(What the task asks) For the records shown below, return an exact copy that excludes the pictures.

(Provided records)
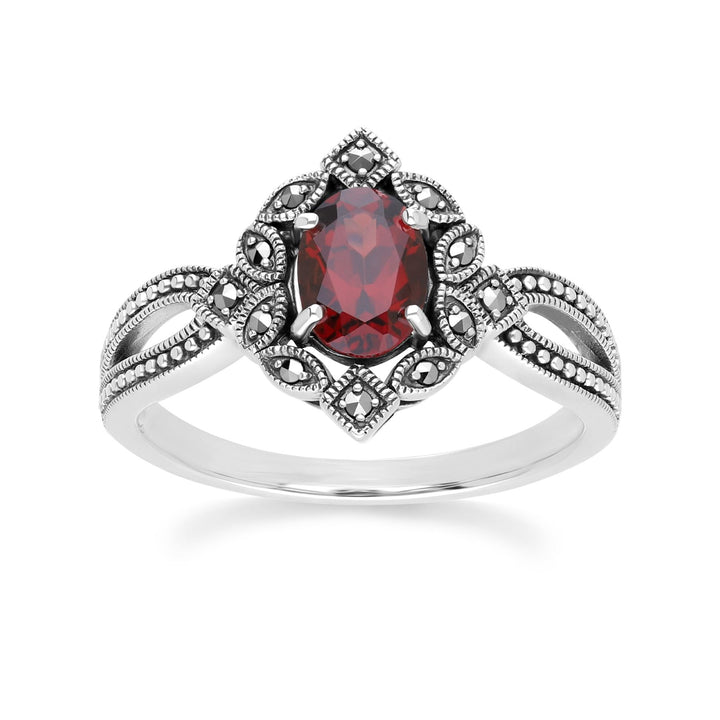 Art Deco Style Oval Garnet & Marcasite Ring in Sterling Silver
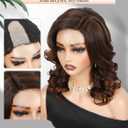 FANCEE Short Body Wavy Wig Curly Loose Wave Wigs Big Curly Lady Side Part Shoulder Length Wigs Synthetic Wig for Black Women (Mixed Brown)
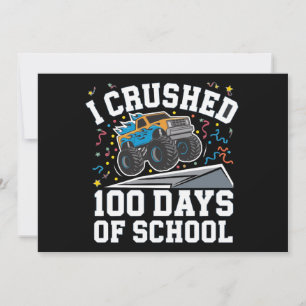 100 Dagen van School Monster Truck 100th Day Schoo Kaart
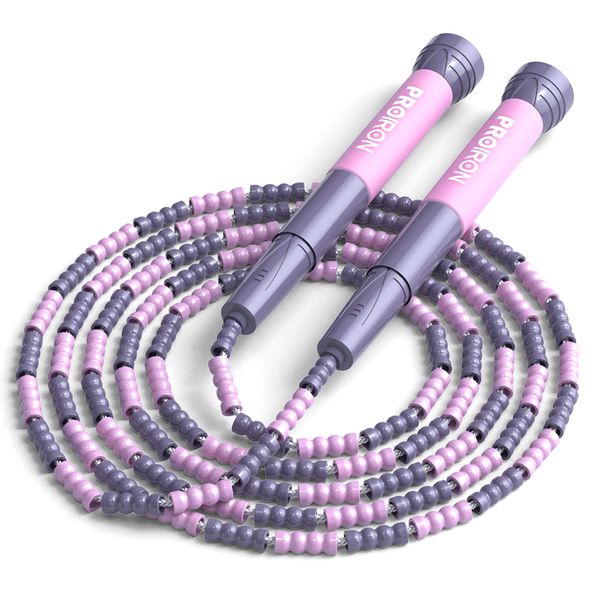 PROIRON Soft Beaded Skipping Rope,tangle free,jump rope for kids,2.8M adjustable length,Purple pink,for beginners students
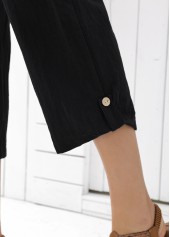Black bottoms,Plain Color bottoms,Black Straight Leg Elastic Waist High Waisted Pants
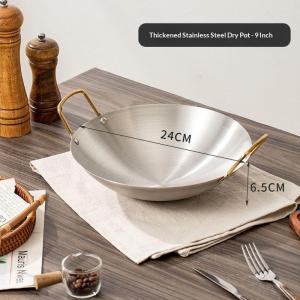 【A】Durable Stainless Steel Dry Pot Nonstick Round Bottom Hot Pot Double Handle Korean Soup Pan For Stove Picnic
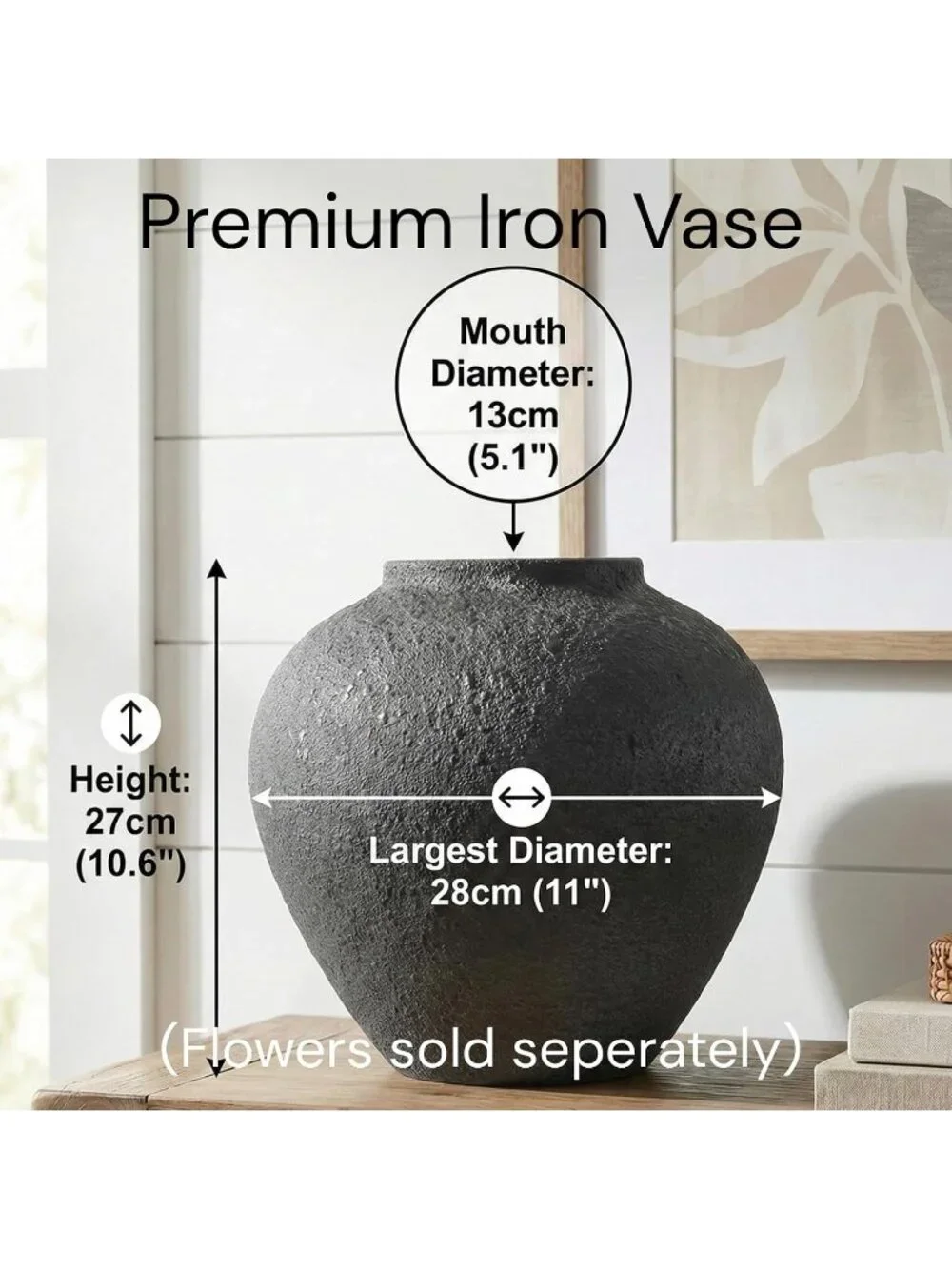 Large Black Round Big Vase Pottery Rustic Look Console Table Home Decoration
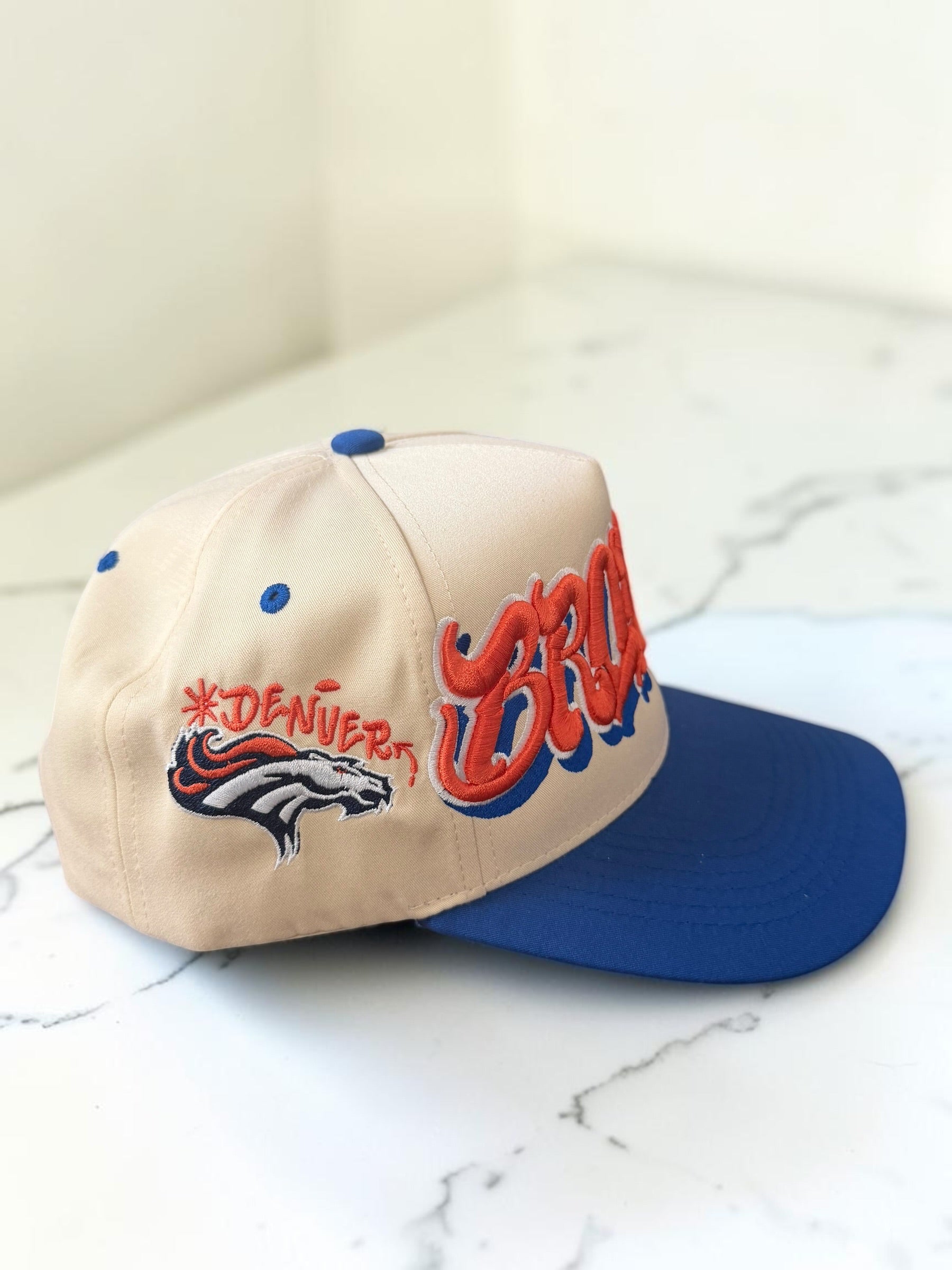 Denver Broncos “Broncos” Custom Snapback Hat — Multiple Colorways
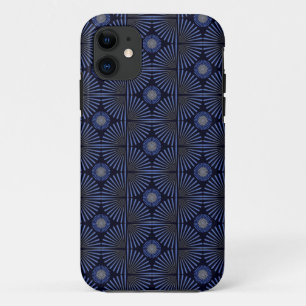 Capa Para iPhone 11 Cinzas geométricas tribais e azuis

(Written response)
 Art Deco Style Oval Garnet & Marcasite Ring in Sterling Silver
 FANCEE Short Body Wavy Wig Curly Loose Wave Wigs Big Curly Lady Side Part Shoulder Length Wigs Synthetic Wig for Black Women (Mixed Brown)
 100 Dagen van School Monster Truck 100th Day Schoo Kaart
 PROIRON Soft Beaded Skipping Rope,tangle free,jump rope for kids,2.8M adjustable length,Purple pink,for beginners students
Black bottoms,Plain Color bottoms,Black Straight Leg Elastic Waist High Waisted Pants
 【A】Durable Stainless Steel Dry Pot Nonstick Round Bottom Hot Pot Double Handle Korean Soup Pan For Stove Picnic
 Large Black Round Big Vase Pottery Rustic Look Console Table Home Decoration
 Denver Broncos “Broncos” Custom Snapback Hat — Multiple Colorways
 Capa Para iPhone 11 Cinzas geométricas tribais e azuis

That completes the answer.